The script uses large timeouts to also make it usable on larger e-mail archives.

-- Import attachments of selected emails

tell application id "DNtp"
	set theSelection to the selection
	set tmpFolder to path to temporary items
	set tmpPath to POSIX path of tmpFolder
	
	with timeout of 14400 seconds
		repeat with theRecord in theSelection
			if type of theRecord is unknown and path of theRecord ends with ".eml" then
				set theRTF to convert record theRecord to rich
				set theURL to reference URL of theRecord
				set newGroup to false
				
				try
					if type of theRTF is rtfd then
						set thePath to path of theRTF
						set theGroup to parent 1 of theRecord
						set theName to name of theRecord
						set theModificationDate to the modification date of theRecord
						set theCreationDate to the creation date of theRecord
						set theAdditionDate to the addition date of theRecord
						
						tell text of theRTF
							if exists attachment in attribute runs then
								
								tell application "Finder"
									set filelist to every file in ((POSIX file thePath) as alias)
									repeat with theFile in filelist
										set theAttachment to POSIX path of (theFile as string)
										
										if theAttachment does not end with ".rtf" and theAttachment does not end with ".png" then
											try
												with timeout of 7200 seconds
													
													-- Importing skips files inside the database package,
													-- therefore let's move them to a temporary folder first
													
													set theAttachment to move ((POSIX file theAttachment) as alias) to tmpFolder with replacing
													set theAttachment to POSIX path of (theAttachment as string)
													tell application id "DNtp"
														if newGroup is false then
															set newGroup to create record with {name:theName, type:group, modification date:theModificationDate, creation date:theCreationDate, addition date:theAdditionDate} in theGroup
														end if
														set importedFile to import theAttachment to newGroup
                                                        set URL of importedFile to theURL
														set the modification date of importedFile to theModificationDate
														set the creation date of importedFile to theCreationDate
														set the addition date of importFile to theAdditionDate
														
													end tell
												end timeout
											end try
										end if
									end repeat
									
								end tell
								if newGroup is not false then
									tell application id "DNtp"
										move record theRecord to newGroup
									end tell
								end if
							end if
						end tell
					end if
				on error msg
					display dialog msg
				end try
			end if
			
			delete record theRTF
		end repeat
	end timeout
end tell

on makeDate(dateString)
	set theDate to date dateString
end makeDate
6 Likes

Thanks for posting this enhanced version of my script! For anyone interested in this: The script requires at least the Pro edition of DEVONthink 3.

2 Likes

An additional tip: you can run this best on only those e-mails which containt attachments. You can use the selector from Advanced Search (look for Attachments and search for >= 1) or directly use md_attachments>=1 in the search box.

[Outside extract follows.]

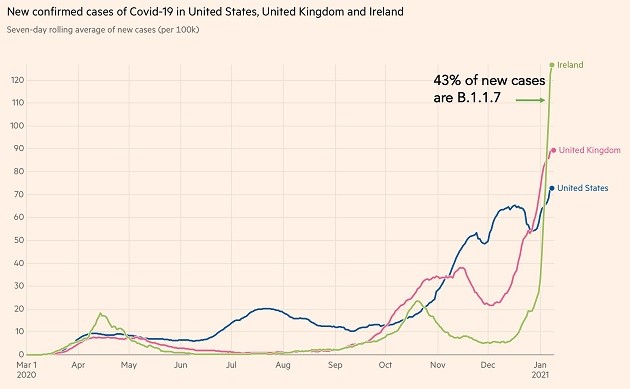 Covid-19 | ¿Qué ocurre cuando la nueva cepa británica es la dominante?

Also note: this script keeps the original e-mails (.eml files) which include the attachments, plus it separates the attachment. This is to keep as much context as possible. I’ve looked into adapting the script to also be able to strip the original attachments, but DT isn’t able to manipulate .eml files. But you can easily do it yourself after the archiving has been done by using a script like GitHub - Conengmo/emailstripper: Strip attachments from local mbox files or parts from here: MailboxCleanup/mailbox_message.py at main · AlexanderWillner/MailboxCleanup · GitHub

I’m working on expanding this script to be able to do something which has been asked in the forums sometimes: being able to replace attachments with DEVONthink links and index the attachments as ‘proper’ DT records. Wondering if there would be any tips or things to be aware of @cgrunenberg? I still have to test this on a larger archive, but so far it seems to be working.

I’m doing the following:

  • Adding a function to the AppleScript above which writes the names + reference URLs of the attachment to the .eml file on disk in the form of a Finder comment (see below for the updated script)
  • Running a Python script which goes through the .eml files on disk, strips the attachments and replaces them with the filenames + URLs found in the Finder comment of the .eml file

This is the Python script used (be sure to install xattr and bpylist:

import email.mime.text
from email import message_from_file
import os
import re
import uuid
import xattr
from bpylist import bplist

def main(path, filename=None):
    """Extract, store and remove attachments from all or a single mbox file in path."""
    iterator = [filename] if filename is not None else os.listdir(path)
    for filename in iterator:
        count = 0
        if filename.endswith('.eml'):
            count_before = count
            f = open(os.path.join(path, filename))
            msg = message_from_file(f)
            count = walk_over_parts(msg, count, path, filename)
            if count > count_before:
                print(msg)
            print('Removed {} attachments from {}.'.format(count, filename))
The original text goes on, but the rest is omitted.